Follow instructions in the submit tab of the EvalAI challenge page (will open soon!) to upload your evaluation JSON file.

Valid challenge phases are AudioNav {Minival, Test-Standard} Phase and AudioSep Test-Standard Phase.

The challenge consists of the following phases:

  1. AudioNav Minival Phase: This split is same as the one used in ./test_locally_audionav_rgbd.sh. The purpose of this phase/split is sanity checking -- to confirm that your online submission to EvalAI doesn't run into any issue during evaluation. Each team is allowed maximum of 30 submission per day for this phase.
  2. AudioNav Test-Standard Phase: The purpose of this phase is to serve as the public leaderboard establishing the state of the art for AudioNav; this is what should be used to report results in papers. The relevant split for this phase is test_multiple_unheard. Each team is allowed maximum of 10 submission per day for this phase. As a reminder, the submitted trajectories will be used to validate the submitted performance values. Suspicious submissions will be reviewed and if necessary, the participating team will be disqualified.
  3. AudioSep Test-Standard Phase: The purpose of this phase is to serve as the public leaderboard establishing the state of the art for active AV separation; this is what should be used to report results in papers. The relevant split for this phase is testUnheard_1000episodes. Each team is allowed maximum of 30 submission per day for this phase. As a reminder, the winning teams of the active AV separation challenge will be later asked to turn in their code and checkpoints for inspection. Suspicious submissions will be reviewed and if necessary, the participating team will be disqualified.

Note: If you face any issues or have questions you can ask them by mailing the organizers or opening an issue on this repository.

Baselines and Starter Code

  1. AudioNav: We included both the configs and Python scripts for av-nav and av-wan. Note that the MapNav environment used by av-wan is baked into the environment container and can't be changed. We suggest you to re-write that planning for loop in the agent code if you want to modify mapping or planning.

  2. Active AV Separation: We have included configs and Python in the challenge branch of the active-AV-dynamic-separation repository.

Acknowledgments

Thank Habitat team for the challenge template.

References

[1] SoundSpaces: Audio-Visual Navigation in 3D Environments.

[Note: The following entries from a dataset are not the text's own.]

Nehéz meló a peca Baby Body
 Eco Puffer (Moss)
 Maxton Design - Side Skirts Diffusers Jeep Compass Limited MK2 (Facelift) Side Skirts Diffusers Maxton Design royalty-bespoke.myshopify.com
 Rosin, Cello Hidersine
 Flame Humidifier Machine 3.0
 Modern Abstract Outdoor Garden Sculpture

Changan Chen*, Unnat Jain*, Carl Schissler, Sebastia Vicenc Amengual Gari, Ziad Al-Halah, Vamsi Krishna Ithapu, Philip Robinson, Kristen Grauman. ECCV, 2020.

[2] On evaluation of embodied navigation agents. Peter Anderson, Angel Chang, Devendra Singh Chaplot, Alexey Dosovitskiy, Saurabh Gupta, Vladlen Koltun, Jana Kosecka, Jitendra Malik, Roozbeh Mottaghi, Manolis Savva, Amir R. Zamir. arXiv:1807.06757, 2018.

[3] Active Audio-Visual Separation of Dynamic Sound Sources. Sagnik Majumder, Kristen Grauman. ECCV, 2022.

License

This repo is MIT licensed, as found in the LICENSE file.